• Exercise aim:
Although the data below holds other lines too, output only those from the line with "12531 Orangewood Court, Tavares, FL" up to and including the line with "Monastero Ss. Annunziata 3*", exactly as they appear.

• Available records:
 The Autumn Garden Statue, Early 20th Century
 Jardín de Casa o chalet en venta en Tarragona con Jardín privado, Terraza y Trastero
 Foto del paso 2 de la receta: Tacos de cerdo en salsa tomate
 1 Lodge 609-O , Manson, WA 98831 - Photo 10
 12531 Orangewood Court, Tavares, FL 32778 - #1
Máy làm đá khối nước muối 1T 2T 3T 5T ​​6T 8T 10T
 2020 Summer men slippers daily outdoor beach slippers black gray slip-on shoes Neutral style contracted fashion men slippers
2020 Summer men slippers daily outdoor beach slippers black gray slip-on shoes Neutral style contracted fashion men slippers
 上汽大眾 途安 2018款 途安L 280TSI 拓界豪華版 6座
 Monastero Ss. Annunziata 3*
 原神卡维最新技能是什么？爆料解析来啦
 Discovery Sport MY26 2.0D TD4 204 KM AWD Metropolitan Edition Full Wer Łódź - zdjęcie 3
==
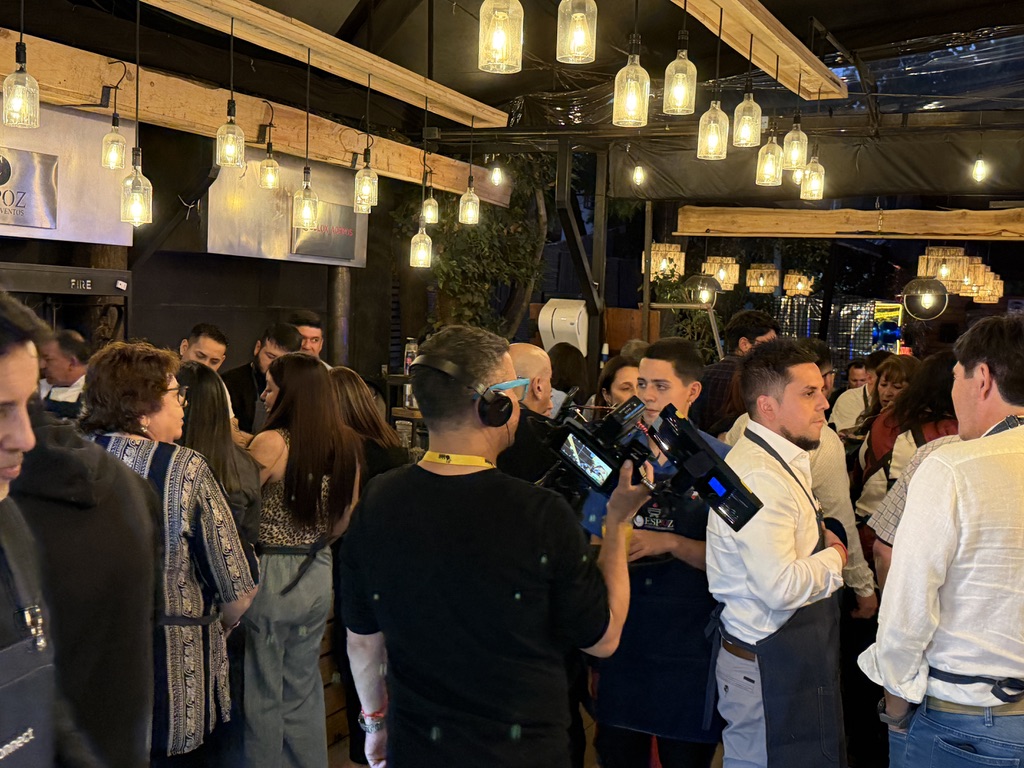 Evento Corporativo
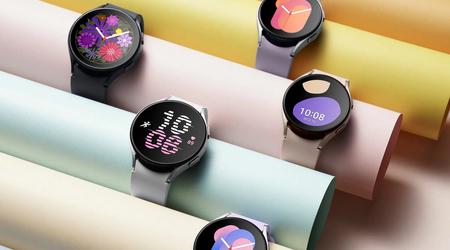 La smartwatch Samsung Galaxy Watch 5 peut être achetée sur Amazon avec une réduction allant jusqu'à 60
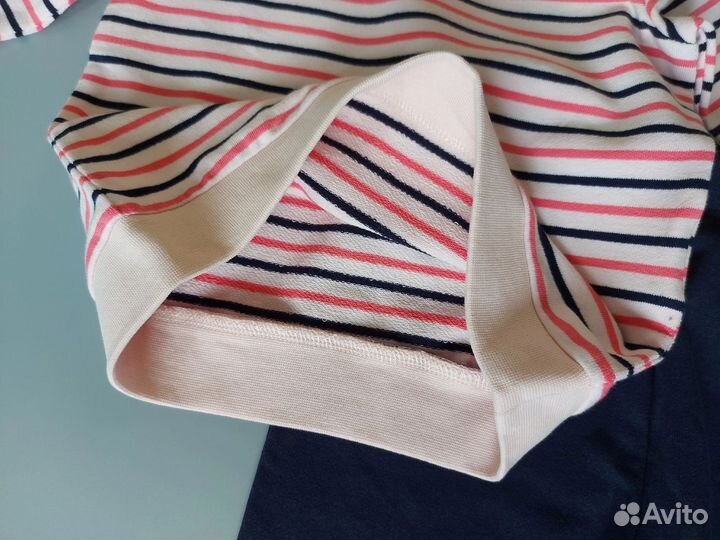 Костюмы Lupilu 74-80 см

• Answer box:
 12531 Orangewood Court, Tavares, FL 32778 - #1
Máy làm đá khối nước muối 1T 2T 3T 5T ​​6T 8T 10T
 2020 Summer men slippers daily outdoor beach slippers black gray slip-on shoes Neutral style contracted fashion men slippers
2020 Summer men slippers daily outdoor beach slippers black gray slip-on shoes Neutral style contracted fashion men slippers
 上汽大眾 途安 2018款 途安L 280TSI 拓界豪華版 6座
 Monastero Ss. Annunziata 3*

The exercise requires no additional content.